# August Tarpon



## T.Hearn (Nov 12, 2009)

Just now getting around to posting due to my internship and school. Anyways, last month my brother and dad came down to help me move in and get settled and do some fishing. We went out one morning and were hooking into everything. Would have been a great day if we could have gotten the fish to the boat. We were trolling for kings and were hooking into monster kings and spinner sharks. Well, I ended up hooking into something they was pulling really hard just not like a king. Turned out to be a tarpon. My brother immediately comes to where I am and starts getting pictures. He managed a couple nice ones but this one has to be the best. Oh and the guys in the second picture followed us the entire 2 miles offshore and nearly 2 hours of the fight.


----------



## sniperpeeps (Mar 5, 2011)

Dude that is absolutely badass:notworthy:


----------



## Chris V (Oct 18, 2007)

Beautiful pics! Congrats on the tarpon (your first?). They had a very strong run this year and we were fortunate enough to have some of the most solid tarpon fishing I've ever experienced on the Northern Gulf.
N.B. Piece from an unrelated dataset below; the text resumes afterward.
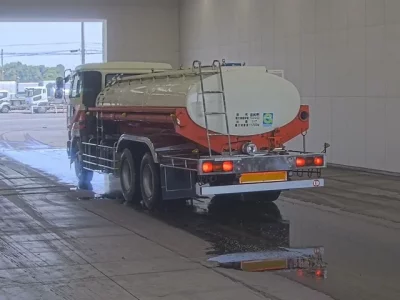 Nissan TRUCK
I really like that first shot. Its nice to have someone with you taking pics, especially if they can get the timing right. My buddy Alan is working on it. Here's his last pic of my last tarpon of the season. Not quite


----------



## T.Hearn (Nov 12, 2009)

here are a few more he got without me in it.


----------



## Redalert08 (May 30, 2011)

Awesome where was that at?

Chase


----------



## pompanopete (Aug 5, 2009)

wow very awsome...


----------



## Robin (Mar 22, 2011)

Superb.....................

Robin


----------



## T.Hearn (Nov 12, 2009)

out of grayton beach. Doing an internship over here at grayton beach fitness


----------



## Tres (May 8, 2010)

Great picture and nice tarpon! Congrats


----------



## jdhkingfisher (Aug 6, 2010)

sick as hell


----------



## Yaksquatch (Mar 23, 2009)

Heck yeah man!!!

Alex


----------



## bbarton13 (May 4, 2009)

sweet


----------



## oxbeast1210 (Jun 21, 2010)

nice what camera was he using ?


----------



## Caddy Yakker (May 21, 2011)

Nice pics!


----------



## Longbow14 (Aug 8, 2011)

did your brother have to tow you back home? I can't imagine having to paddle back after pulling in a monster like that.


----------



## Linda (Oct 2, 2007)

Thanks for sharing!!! GREAT pics & a FANTASTIC catch from the yak!!!


----------



## need2fish (Oct 2, 2007)

Awesome action pics - great catch. Congrats


----------



## Razzorduck (Oct 22, 2007)

Very, very cooool. I hooked one last summer and had it at the yak getting ready for a pic and had tackle failure on the last yak side surge.
Love those pics.:thumbsup::thumbsup:


----------



## Ardiemus (Oct 12, 2010)

Nice Avet! I got two!


----------



## Night Wing (May 16, 2011)

Best tarpon action shots I've ever seen from a kayak.


----------



## parrothead (Oct 1, 2007)

Very nice !!!!!!!!!!!!!! :thumbup::thumbup::thumbup::thumbup:

Scott


----------



## T.Hearn (Nov 12, 2009)

Thanks guys.
He uses a Canon G12 and loves it.


----------



## Caddy Yakker (May 21, 2011)

Night Wing said:


> Best tarpon action shots I've ever seen from a kayak.


I agree!


----------



## beachsceneguy (May 20, 2008)

awesome tarpon and pics !!:thumbup::thumbup::thumbsup::thumbsup:


----------